§ **THE PROBLEM**
Could you retype every line below exactly, omitting the images?

::: GIVEN DATA

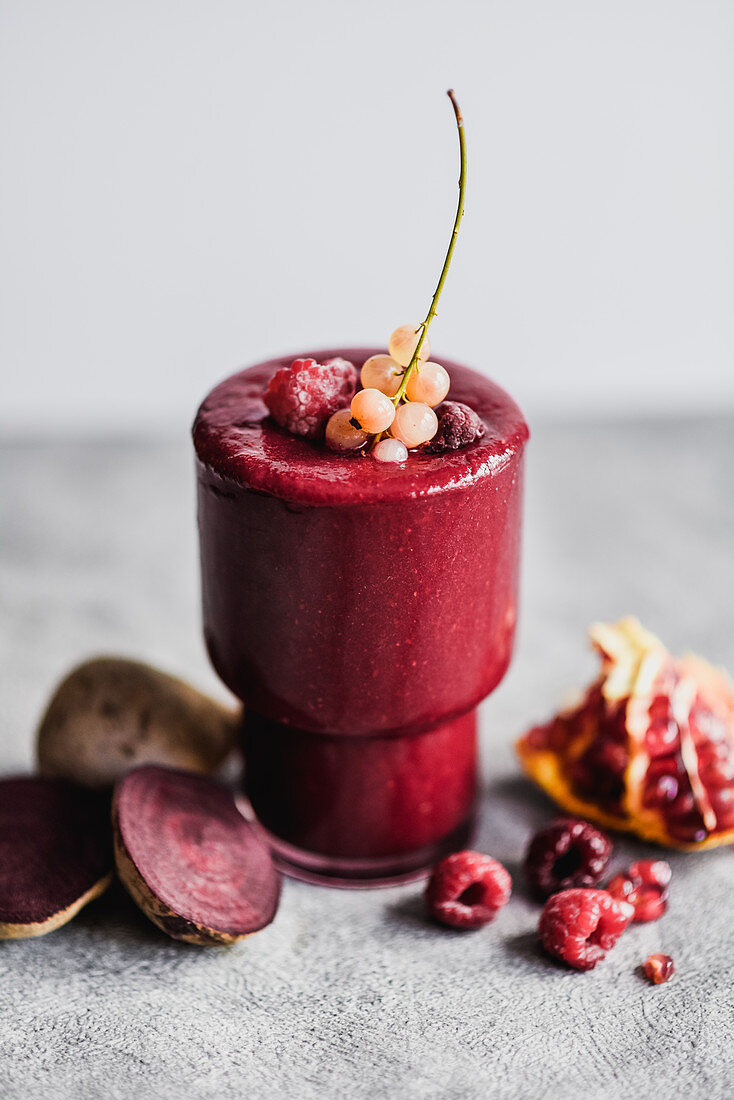 Beetroot smoothie with raspberries pomegranate and currants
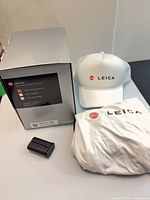 Group view of Leica Q3 box, hat, T-shirt, battery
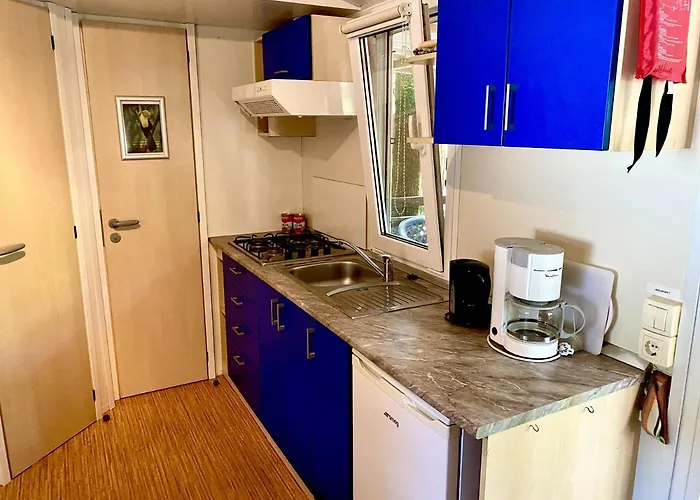 Dena Chalets - At The *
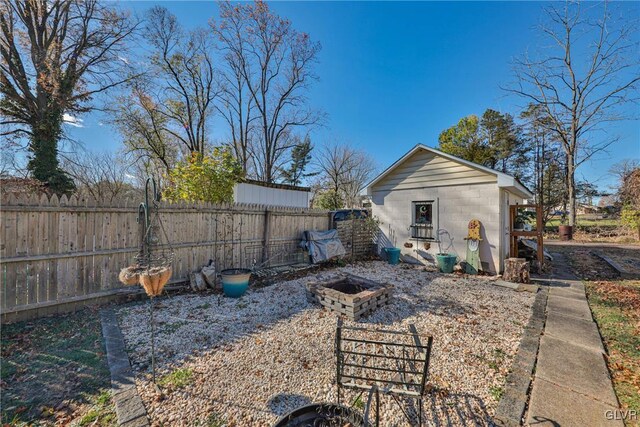 view of yard with a fire pit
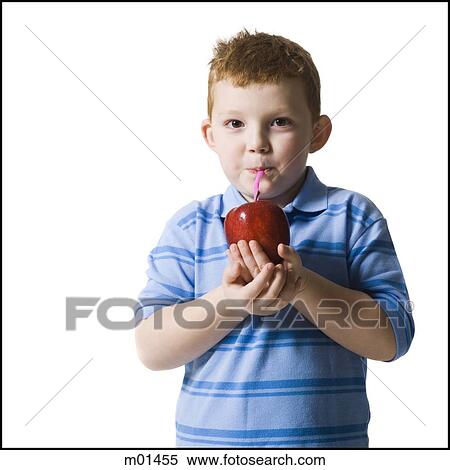 boy drinking an apple with a straw View Large Photo Image Stock Photography - boy drinking an apple with a straw. Fotosearch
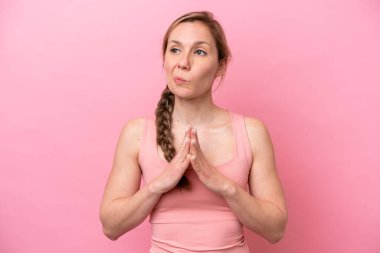 Pembe arka planda izole edilmiş genç beyaz kadın bir şeyler planlıyor.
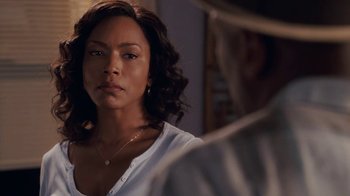 Movie still from “Meet the Browns” (2008), directed by Tyler Perry – A woman that is looking at a man; Close Up shot, Over the shoulder angle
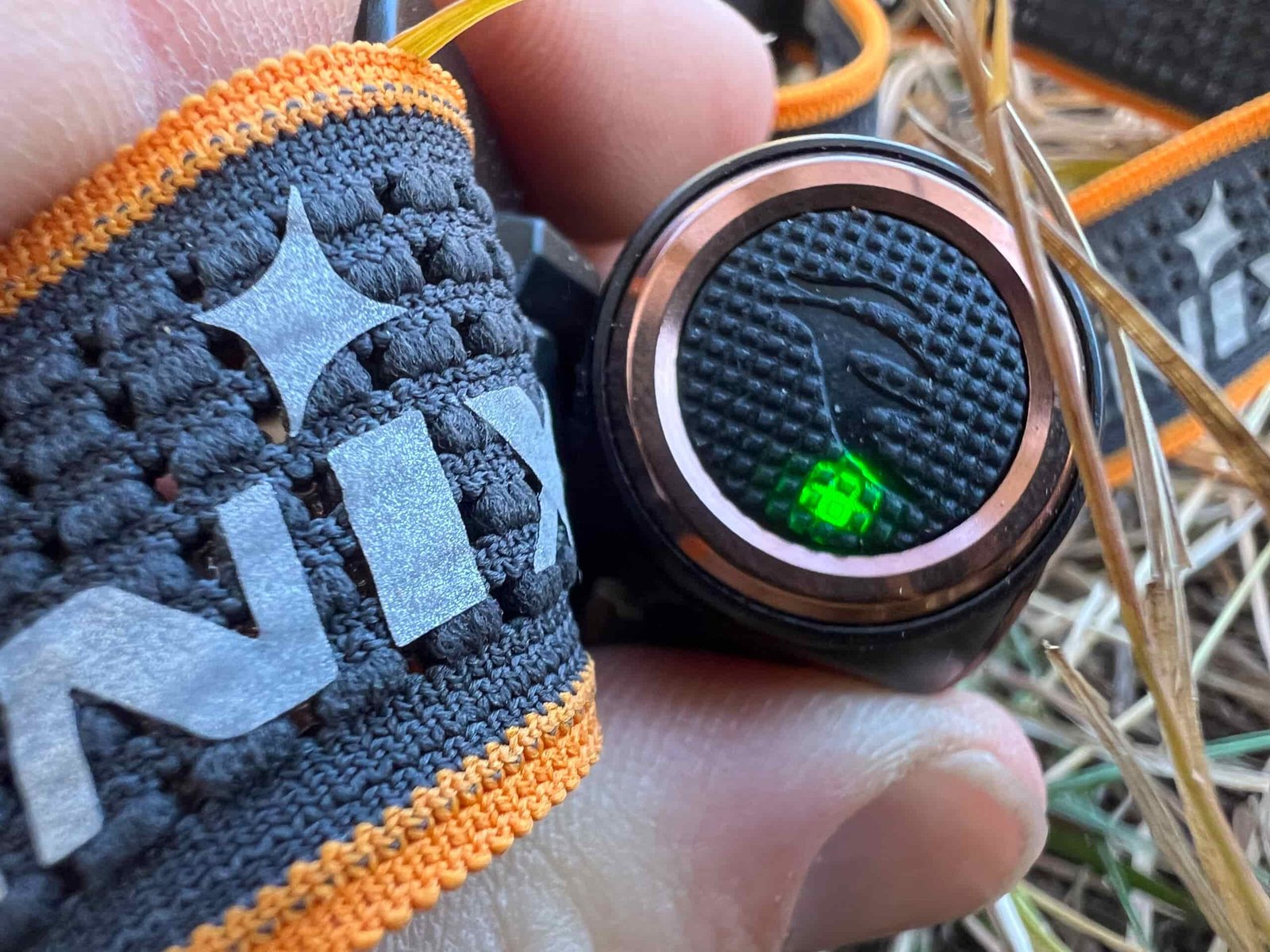 The image shows the power button of a Fenix HM50R V2.0 headlamp, with a green battery indicator light illuminated. The headlamp's strap, featuring the Fenix logo in white, is visible in the background.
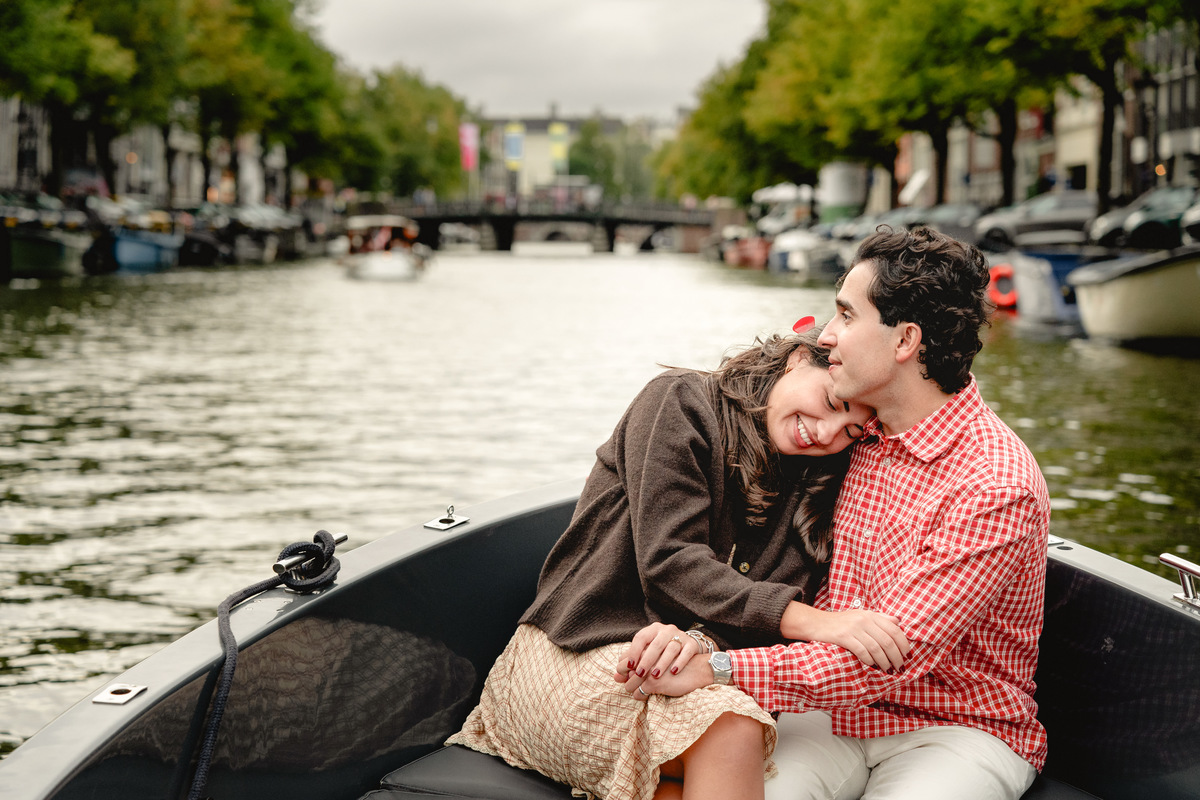 Couple celebrating their engagement with Amsterdam canal views.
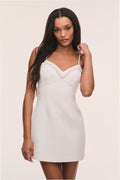 Ivory tweed mini dress with V-neck and scalloped lace trim on straps and hem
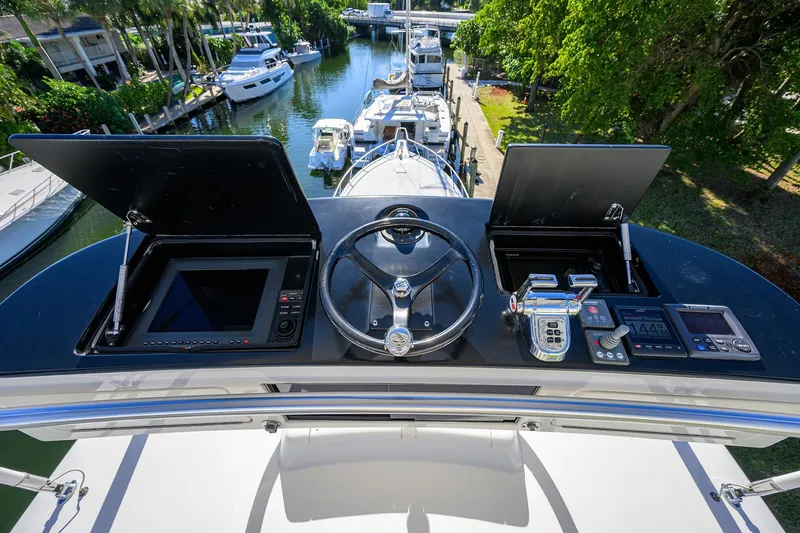 Slide: The Image of Control panel of 2014 Viking 76 Enclosed Bridge Convertible yacht, docked in a marina. - 52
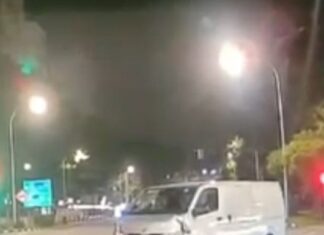 Dashcam still of white van near Compassvale Street junction after hitting a traffic-light pole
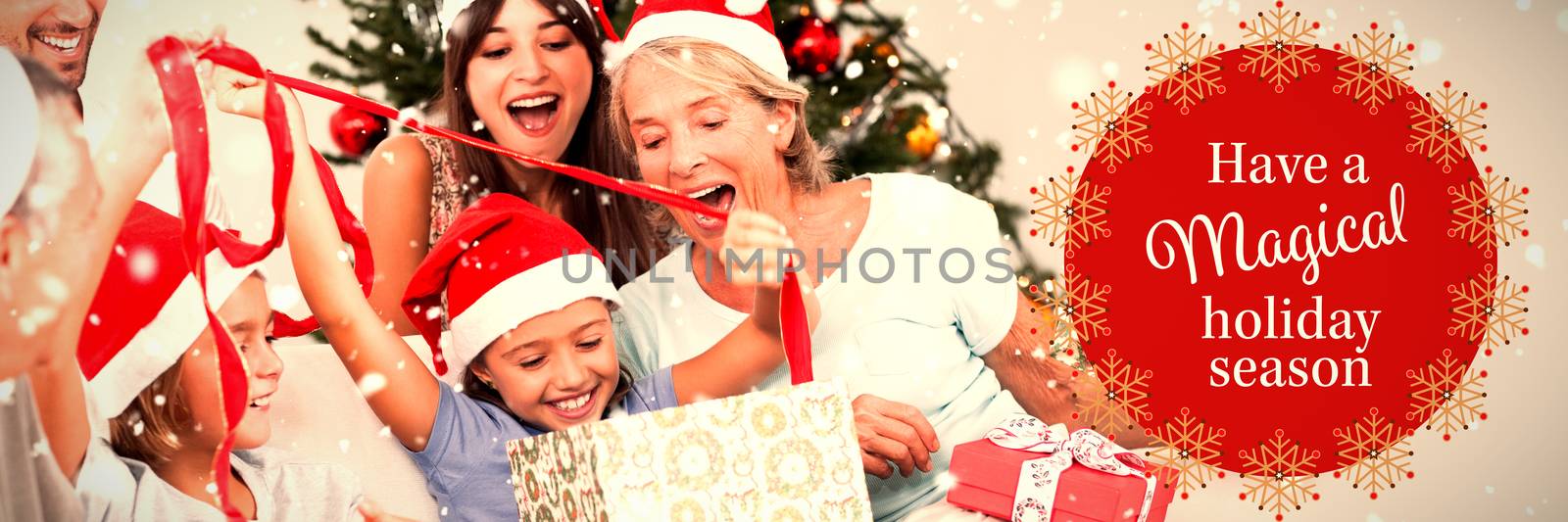 Happy family at christmas opening gifts together against white and red greetings card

::::::

§ **EXERCISE ANSWER**
 Beetroot smoothie with raspberries pomegranate and currants
 Group view of Leica Q3 box, hat, T-shirt, battery
 Dena Chalets - At The *
 view of yard with a fire pit
 boy drinking an apple with a straw View Large Photo Image Stock Photography - boy drinking an apple with a straw. Fotosearch
 Pembe arka planda izole edilmiş genç beyaz kadın bir şeyler planlıyor.
 Movie still from “Meet the Browns” (2008), directed by Tyler Perry – A woman that is looking at a man; Close Up shot, Over the shoulder angle
 The image shows the power button of a Fenix HM50R V2.0 headlamp, with a green battery indicator light illuminated. The headlamp's strap, featuring the Fenix logo in white, is visible in the background.
 Couple celebrating their engagement with Amsterdam canal views.
 Ivory tweed mini dress with V-neck and scalloped lace trim on straps and hem
 Slide: The Image of Control panel of 2014 Viking 76 Enclosed Bridge Convertible yacht, docked in a marina. - 52
 Dashcam still of white van near Compassvale Street junction after hitting a traffic-light pole
 Happy family at christmas opening gifts together against white and red greetings card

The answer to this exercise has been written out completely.